La Razón (Edición Impresa) / Carlos Soria Galvarro

/05 de junio de 2016/

Por enésima vez han surgido en las últimas semanas algunas voces que plantean modificar la casi centenaria  Ley de Imprenta. Salta a la vista que este instrumento legal tiene aspectos que han quedado obsoletos o simplemente no abarcan las nuevas realidades de la comunicación. Al momento de su promulgación, en 1925, el medio impreso (las imprentas) era el único que existía, no habían nacido todavía la radio, la televisión y mucho menos las nuevas tecnologías de información y comunicación, que están revolucionando el mundo de las comunicaciones (satélites, computadoras, internet, celulares, redes sociales, fibra óptica, etc.).

Entonces, parece una cuestión de simple sentido común que la Ley de Imprenta sea modificada para actualizarse, pero manteniendo y reforzando algunos de sus principios fundamentales. Así lo han comprendido muchos estudiosos del tema, que además han ido lanzando propuestas en ese sentido. Por ejemplo, el conocido periodista y exdirector de Erbol Andrés Gómez Vela, en su libro Los periodistas y su ley: argumentos para defender y actualizar la Ley de Imprenta (2012), sostiene: “La Ley de Imprenta contempla importantes principios que valen la pena ser conservados, reforzados y complementados con otros, pero a la vez se constata que requiere una actualización para garantizar una equilibrada relación jurídico-administrativa y jurídico-comunicativa entre medios, Estado y sociedad.”

Es más, propone algunos puntos que debieran ser tomados en cuenta para esa actualización: el derecho a la información, el sujeto titular de ese derecho, el derecho a la comunicación y el vasto campo de las nuevas tecnologías.

Podría decirse, de modo razonable, que nadie está en contra de modificar y actualizar la Ley de Imprenta. El tema de fondo es que esto es imposible de realizar sin contar con el concurso de periodistas y de quienes operan los medios. Y es doblemente imposible hacerlo contra ellos y ellas. Peor aún, es triplemente imposible intentar siquiera hacer esos cambios en medio del enrarecido y emponzoñado clima reinante en la relación entre el periodismo y el Gobierno.

Críticas estridentes, torpes amenazas, manejo extorsivo de la publicidad estatal, acusaciones infundadas, rabietas desenfrenadas, tratamiento escandaloso y sensacionalista de algunos temas espinosos, en fin, el desencuentro es la nota dominante en los actuales momentos.  Por tanto, de muy lejos no existen ahora las más mínimas condiciones para entrar a debatir modificaciones a la Ley de Imprenta.

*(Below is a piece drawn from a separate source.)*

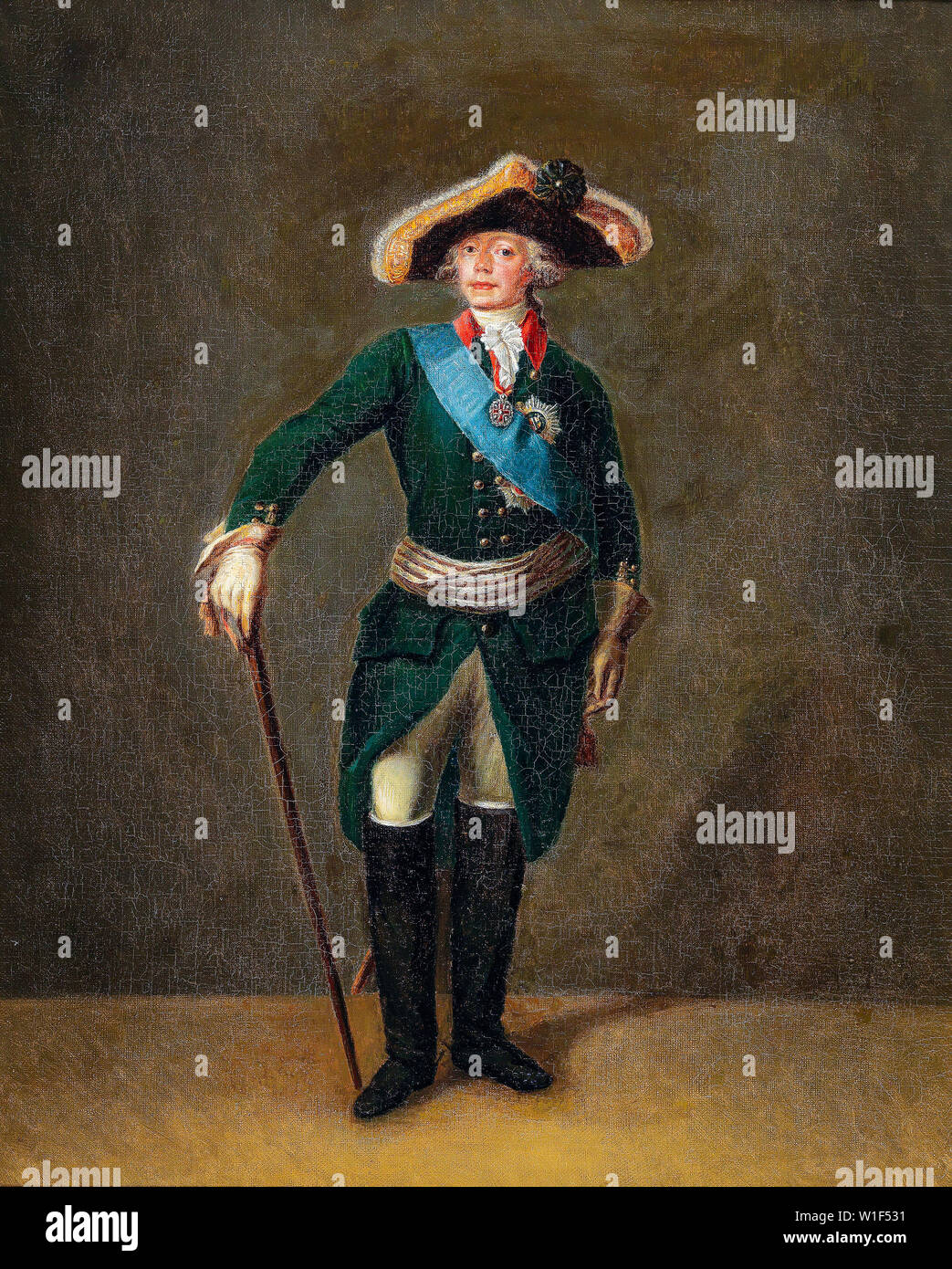 L'imperatore Paolo I di Russia, 1754-1801, in uniforme militare, ritratto dipinto, 1800 Foto Stock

Si algunos políticos oficialistas desubicados pretenden a toda costa poner en agenda el tema, lo único que conseguirán es que todo el gremio: periodistas, trabajadores de los medios en general, el sector académico y hasta los propietarios de medios, cerrará filas en defensa de ese instrumento legal y, de seguro, recibirá la solidaridad de amplios y diversos sectores sociales. El Gobierno se abrirá un nuevo frente donde lleva todas las de perder. Un senador banzerista hizo aprobar en 1988 la anulación de la Ley de Imprenta de un solo plumazo; al final le salió el tiro por la culata: en vez de ser abrogada fue ratificada y declarada vigente por el Parlamento.

Lo sensato es restablecer un ambiente de diálogo. Para eso, unos y otros lo único que tienen que hacer es respetar y poner en práctica la Constitución Política del Estado. Dos artículos específicos, el 106 y el 107, además de varios incisos de otros cuatro artículos (21, 24, 30 y 75) garantizan a libertad de expresión y establecen un marco de autorregulación para el trabajo periodístico. Ni más ni menos.

Es periodista.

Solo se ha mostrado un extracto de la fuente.